WEST PALM BEACH, Fla. & ZEPHYR COVE, Nev.–(BUSINESS WIRE)–
ONE Nuclear Energy LLC (“ONE Nuclear” or the “Company”), an independent developer of large-scale energy solutions powered by natural gas and advanced nuclear small modular reactor (SMR) technologies, and Hennessy Capital Investment Corp. VII (NASDAQ: HVII) (“HVII”), today announced they have entered into a definitive business combination agreement (the “Transaction” or the “Business Combination”) that would result in ONE Nuclear becoming a public company to be listed on Nasdaq under the ticker symbol “ONEN”.

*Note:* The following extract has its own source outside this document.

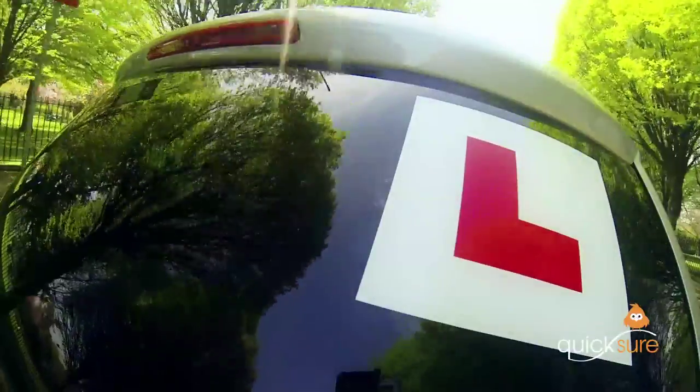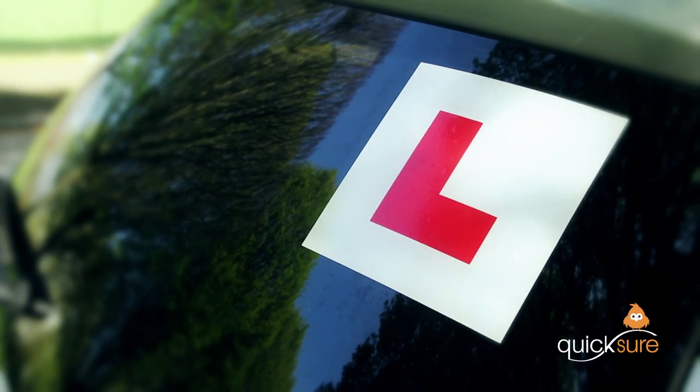Learner drivers know that the red L stands for lots of things — the red face of your dad after a few practice lessons being one of them. However, what that L doesn't need to stand for anymore is a red bank balance or the stress of applying for learner driver insurance.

This press release features multimedia. View the full release here: https://www.businesswire.com/news/home/20251023352028/en/
Company Background
ONE Nuclear is an independent developer of large-scale energy solutions powered by natural gas and nuclear SMR technologies in the U.S. The Company plans to use advanced technologies from leading manufacturers to meet the delivery time and scale required by customers in the data center, heavy industry, and other high energy-intensity sectors.
The Company’s “develop-own-operate” business model ensures a focus on long-term ownership and brings together experience and expertise in technology, site selection, offtake, financing, regulation and operations to deliver world-class gas and nuclear facilities.
Led by Chairman and CEO Richard Taylor, ONE Nuclear has a highly experienced management team that is seasoned in leading successful energy businesses. The broader management team includes COO and Co-Founder Kevin Dowd, Co-Founder Robert Carilli, who is currently serving as Chief Strategy Officer and CFO Coen Weddepohl. The Company has also established a world-class advisory board with nuclear, governmental and regulatory expertise, including Chairman of the Republican National Committee, Joe Gruters, Dr. Robert Hayes, an Associate Professor of Nuclear Engineering at North Carolina State University, Margo Black, an executive with over 40 years of international insurance experience, veteran lobbyist Slater Bayliss, and Chris LaCivita, a seasoned political strategist.
Advanced SMR Technologies
ONE Nuclear is deploying a multi-technology strategy that will utilize advanced SMR technologies from leading manufacturers at its energy parks. SMR technology features a competitive levelized cost of energy estimated at $80 to $120 per megawatt hour for first-of-a-kind designs, while providing continuous baseload supply and significantly lower carbon emissions than alternative power sources.
SMRs are poised to become a cornerstone of the U.S. energy landscape, offering a strategic solution for a low-carbon, reliable, and scalable power supply to help meet the nation’s growing energy demands efficiently and sustainably. Unlike intermittent renewable sources, SMRs deliver predictable continuous power. This reliability is critical not only for the load characteristics of each new data center, but also to meet the significant expected demand growth in the U.S., with new generation capacity from multiple sources, without compromising grid stability.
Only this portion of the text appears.